Why the Stories We Initially Tell Are Never Accurate

So Osama bin Laden is dead, killed with a shot to the head by U.S. Navy Seals. As should be expected with any big story, in the days since his death announcement the details have changed. Initially the government said bin Laden resisted the Seals and was killed. Then came reports that bin Laden died firing a weapon, and that he'd used his wife as a human shield.

Except those last reports are not true. While it still appears he resisted or made threatening moves, he held no weapon. And his wife, instead of being a human shield, evidently ran at the Navy Seals, who shot her in the leg. And that is merely the current story. I fully expect the story to keep adapting as new and more accurate details are released.

However, some people are angry that the details of bin Laden's killing have changed. Glenn Greenwald is outraged that the original narrative of bin Laden's killing – which framed him as "cowardly" and "violent-to-the-end" – will be the narrative people remember, even if it's not true. He compares this to previous stories which were later proven wrong, such as "Jessica Lynch's heroic firefight against Iraqi captors to Pat Tillman's death at the hands of Evil Al Qaeda fighters" and blames this on the media simply accepting "false Government claims." The argument Greenwald makes is seductive; even Andrew Sullivan asks "Why Exaggerate?" in response to Greenwald's post.

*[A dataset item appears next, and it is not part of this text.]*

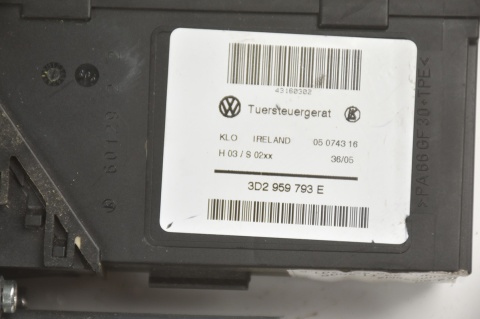 SILNICZEK SZYBY PRAWY PRZÓD VW TOUAREG 7L0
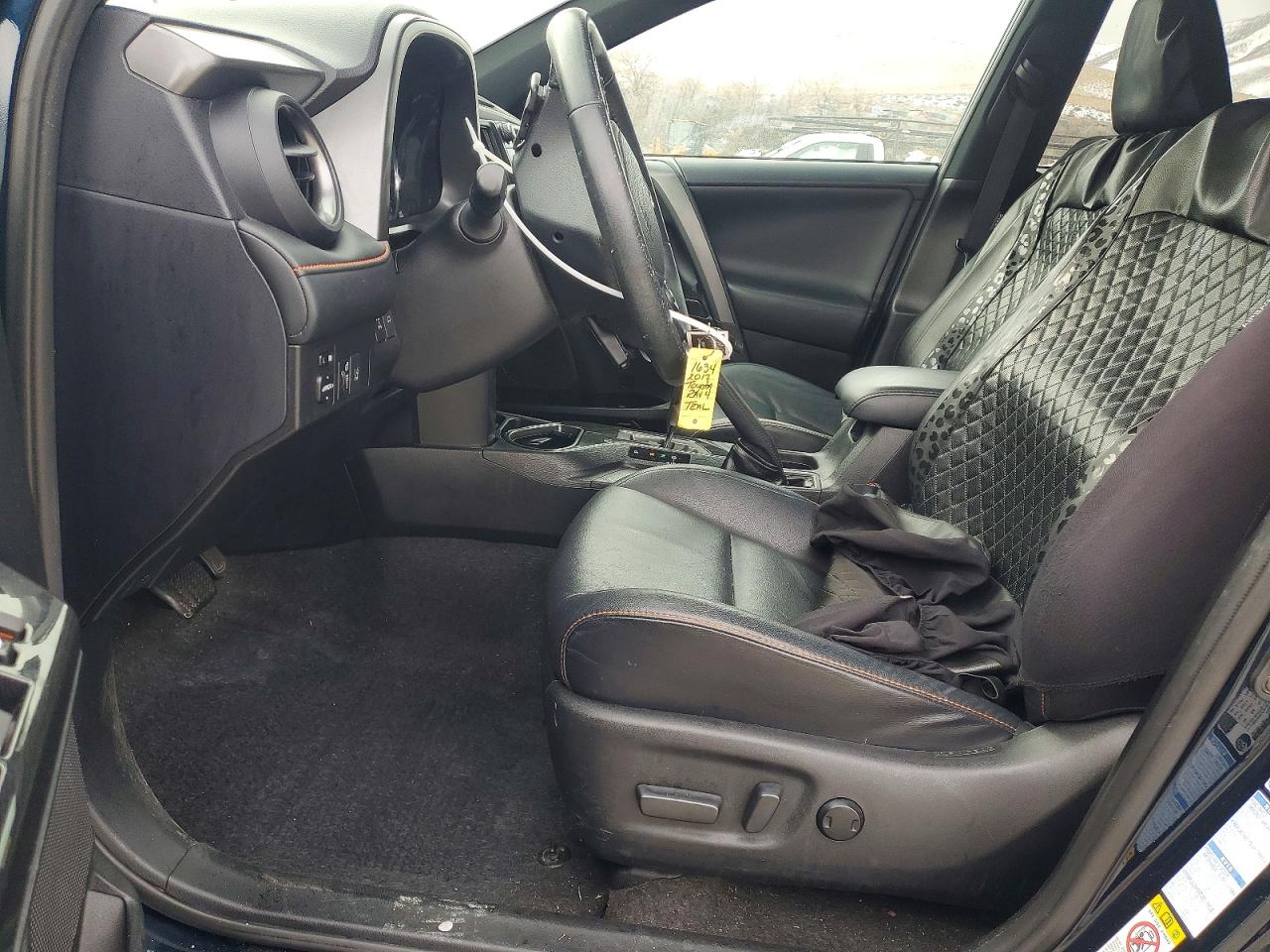 2017 TOYOTA RAV4 SE photo 7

However, instead of assuming nefarious motives at work I wish Greenwald and others would simply apply occam's razor and try to see that, when dealing with the release of information around a big story, almost all initial reports are inaccurate. While this can at times result from outright lies and distortion, in most cases the root cause is the imprecise nature of human communications.

Two factors are at work here. First, humans must communicate a vast amount of words in order for specific information to reach another person (for the specifics on this, read the great book The Information by James Gleick). In addition, it doesn't matter if you want to tell someone a basic fact such as "The sky is blue" – the simple truth is those four words are not all you are communicating. Instead, you are also communicating your tone, your inflection, your body language, your power or lack thereof, and many other variables. Secondarily, the person receiving your words doesn't only have to comprehend all of this but also must process the overall message through their own personal filter of how they see the world, which includes everything from their own biases, beliefs, attitudes, and social standing to their relationship and trust with the speaker.

Considering all that, it's a wonder people can communicate with each other at all. This is also one reason why people immediately remember only half of what they are told. It's not that people are pigheaded about actually listening to others – although that can also happen. Instead, it's because people are trying to comprehend much more than simply a few basic words.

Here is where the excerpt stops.